=== RECORDED DATA ===
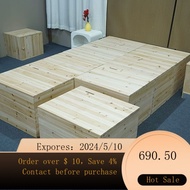 02Solid Wood Tatami Wooden Box Bed Small Apartment Storage Bed Boxes Bay Window Bedside Widened High Box Customized Fi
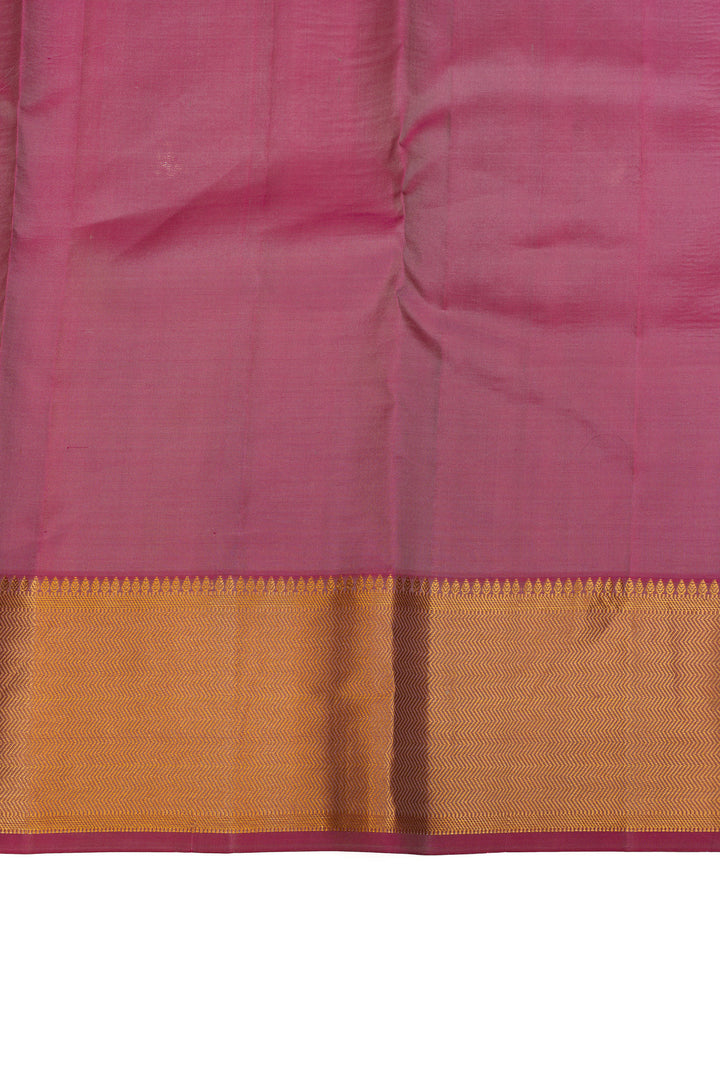 Beige thread brocade pure Kanchipuram silk saree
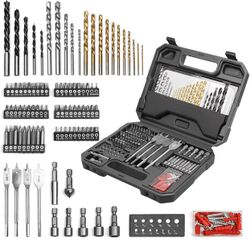 New in box Drill Bit Set, 122Pcs Power Impact Driver Bits Set and Screwdriver Bits Set,Assorted in Tough Case for Wood Metal Cement Drilling and Screw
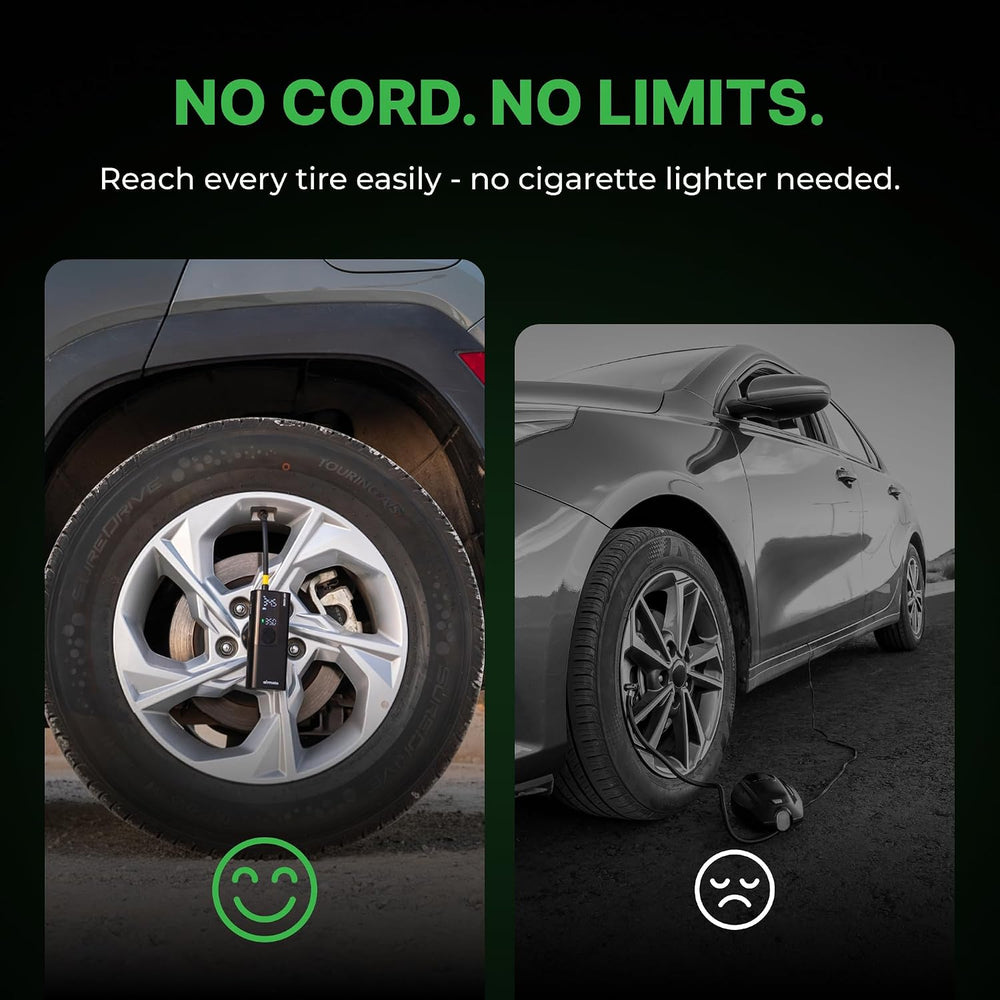 Airmoto Portable Tire Inflator and Car and Home Charger Bundle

=== TASK PROMPT ===
From the line that contains "New in box Drill" to the last line of the data above, inclusive, transcribe every line exactly and only those lines, omitting pictures.

=== WRITTEN REPLY ===
 New in box Drill Bit Set, 122Pcs Power Impact Driver Bits Set and Screwdriver Bits Set,Assorted in Tough Case for Wood Metal Cement Drilling and Screw
 Airmoto Portable Tire Inflator and Car and Home Charger Bundle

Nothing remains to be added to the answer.